Q. What determines if an abuser will abuse again?

There are many factors: the strength of his drives, his motivation not to do it again, the kinds of social supports that are either in place or lacking, the quality of treatment that he has an opportunity to receive or conversely may not have an opportunity to receive, the attitude of his peers -- all of those factors can influence whether or not the abuse will re-emerge.

Q. So pedophilia is almost impossible to cure.

There's no cure for pedophilia. There is, however, effective and successful treatment. As with alcoholism, where there are many similarities, we talk about successful treatment but not cures. There's something about your makeup that makes you vulnerable and you need to pay attention every day to make sure that you don't, so to speak, fall off the wagon. If you think you're cured, meaning that this vulnerability is somehow removed, that's dangerous because you can let down your guard, stop maintaining vigilance, and gradually slip back into old habits. Years back, the Church, very sadly, was misled by mental health professionals. The Church was one of the earliest organizations to recognize that pedophilia existed and to send people for help.

Unfortunately, back in the late '40s and '50s, and even the '60s, psychiatrists who didn't understand what we do now thought that these people could be cured. The Church, after talking to the authorities of the day and believing that these people were going to be safe, put them back into the community. The fault there was not the Church's.

Q. Do you see a difference in how the Catholic Church deals with this problem now as compared to the early '80s when people began to learn that sexual abuse of minors existed in the Catholic Church?

I have met a number of extremely conscientious and dedicated priests who are absolutely determined to do everything they can to deal with this problem as effectively as possible. I personally believe there has been too much Church-bashing. The Church has made mistakes -- we've all made mistakes -- and sadly there may still be mistakes that individuals will make as time goes along.
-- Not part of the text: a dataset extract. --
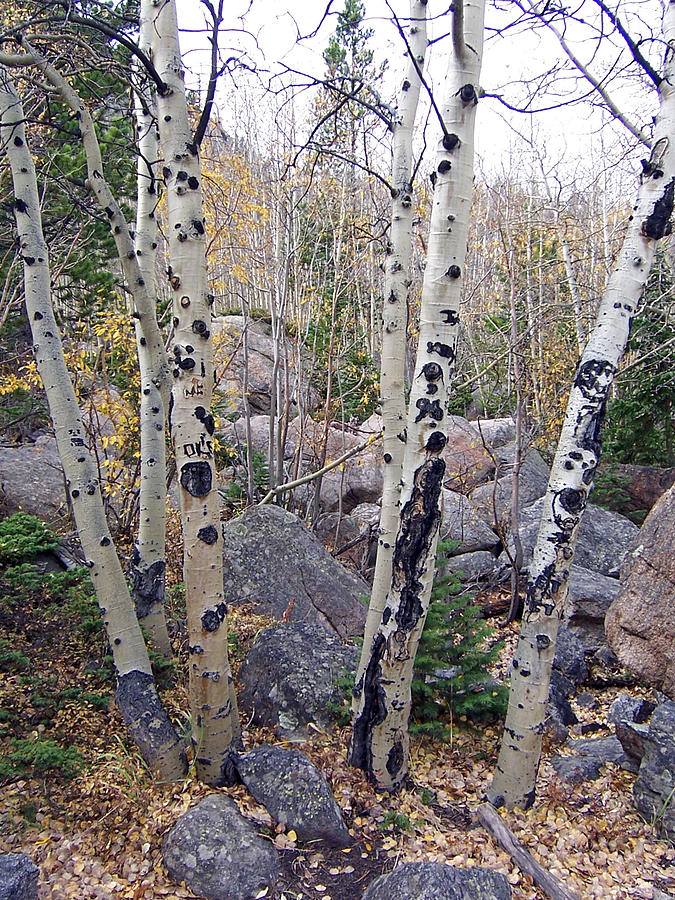Tree Photograph - Birches in Colorado by Lisa Gabrius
The notion that somehow priests in general don't care about the well-being of children, or that they're insensitive to their parishioners, or that they would turn a blind eye and allow children somehow to be harmed -- that's not true. From what I've seen of all the hard work, there's a tremendous dedication to doing everything possible to minimize these kinds of problems and, to the extent that they can be eliminated to try to do that as well.

Q. Is there anything that can be done to keep pedophiles out of ministry?

There is no screening that would identify a pedophile. We can do some common sense things, such as background checks. We can do more education. We can provide more treatment so that pedophiles can get help. But there is no way that we can identify ahead of time a pedophile who's not previously been identified and who wants very much to keep secret his own sexual yearnings.

Q. What can be done to educate adults about pedophilia?

Adults need to know that there are people who are attracted sexually to youngsters. Most of us can't imagine that because we don't have those kinds of feelings, so education is extremely important. Once people realize the problem some of the steps fall into place: Don't allow un-chaperoned situations; let your children know that they ought to talk with you if somebody approaches them in a sexual way; and teach them it's okay to say 'no,' even to a priest, if it involves something that ought not to happen. Also more treatment has to be made available for pedophiles. People who experience these cravings need to know that treatment is available.

Society is so punitive and stigmatizing about this problem that people with these desires have to be encouraged to get help by assuring them that they will be assisted rather than hurt. All of these things can ultimately make a difference.

Q. Are many accusations of sexual abuse false?

It would be a terrible tragedy not to respond to a child who's been sexually abused. It is also tragic to hold someone responsible for an act of abuse that they did not do. Even though false allegations are made, every allegation has to be taken seriously and looked at carefully and objectively. The mission of those looking into it is to get at the truth.

Q. During the mid-'60s, boundaries between clergy an laity were de-constructed. Is there a need to redefine boundaries and if so, how?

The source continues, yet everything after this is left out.